BatchInvariantSampler2d¶
- class axtreme.data.batch_invariant_sampler.BatchInvariantSampler2d(sampler: Sampler[int] | Iterable[int], batch_shape: Size)¶
Bases:
Sampler
[list
[list
[int
]]]Returns 2d batchs where the final dataset in invariant to changes in the last batch dimension.
- The standard BatchSampler
has 1 row that it batches in sizes b.
returns items of shape (1) * b
- This BatchSampler has:
n rows that are batched in size b.
returns batches of n * b
Importantly, the concatenated batches (along the last dimension) will alway the same 2d matrix, regardless of the bach size.
Examples
>>> Conceptually the full dataset might have the following indexs [[ 1, 3, 5] [ 2, 4, 6]]
>>> If batched along index = -1, with batch size 2 will return results as follows b1= [[1,3], b2= [[5], [2,4]]] [6]]

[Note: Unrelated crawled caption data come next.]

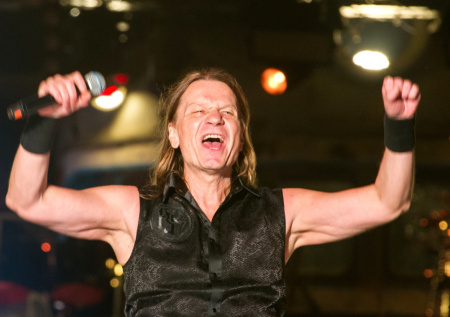 Концерт под обстрелом, проблемы с голосом, санкции: как живет Кипелов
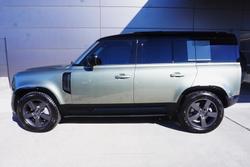 2025 Land Rover Defender 110 D350 X-Dynamic SE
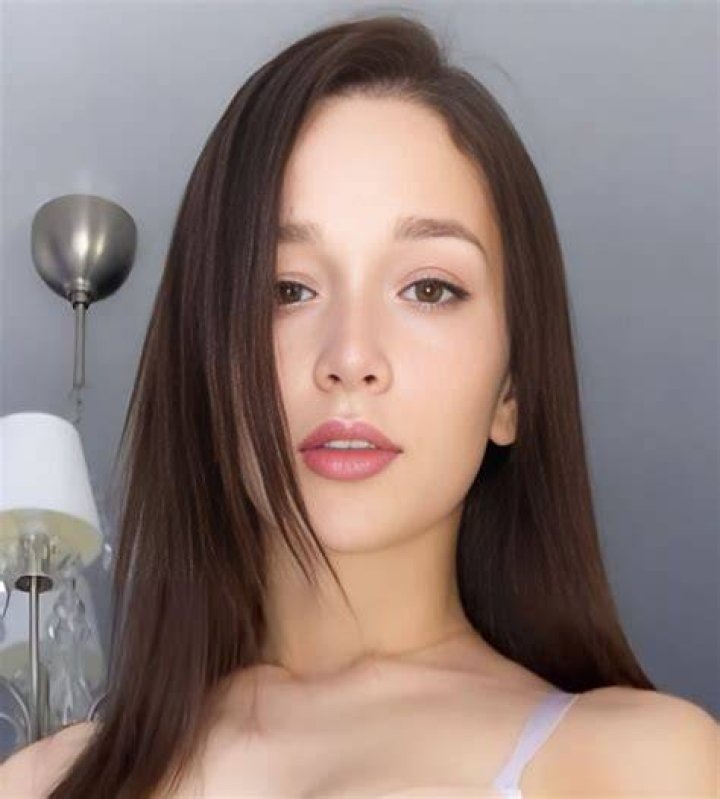 Ellie Leen Age, Height, Wiki, Biography, Net Worth, Boyfriend & More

>>> concat([b1, b2], axis=-1) [[ 1, 3, 5] [ 2, 4, 6]]
This is important when the final dataset produced should be invariate to changes in b.
Note
The final batch can return a partial batch (n rows, less than b columns)
Related to issue #76
Todo
- This is a very specific case because its cater to general case.

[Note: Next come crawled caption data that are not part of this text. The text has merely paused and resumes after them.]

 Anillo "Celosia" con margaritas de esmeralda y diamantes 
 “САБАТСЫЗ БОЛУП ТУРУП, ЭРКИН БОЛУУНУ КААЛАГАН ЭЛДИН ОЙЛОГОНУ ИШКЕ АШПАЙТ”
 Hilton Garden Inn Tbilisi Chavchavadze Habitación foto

Can we make a more general 2d case? The batched dim needs to be filled last. Any aggregation is then expected on the batch dim
Can we make a general higher dim case?
- Should we just take multiple samplers and batch them in parallel?
Pro: Might be cleaner conceptually
Con: When we treat as a dataset we want to get through all data before we start repeating data
- __init__(sampler: Sampler[int] | Iterable[int], batch_shape: Size) None ¶
Will produce batch (along the rows) of a 2d batch.
- Parameters:
sampler (Sampler[int] | Iterable[int]) – Sampler (e.g RandomSampler or SerquentialSampler) to be batched. - Must be Sized (e.g have __len__) - See torch DataLoader implmentation for an examples
batch_shape (torch.Size) – The batch shape created of the underlieing sample.
Methods
__init__
(sampler, batch_shape)Will produce batch (along the rows) of a 2d batch.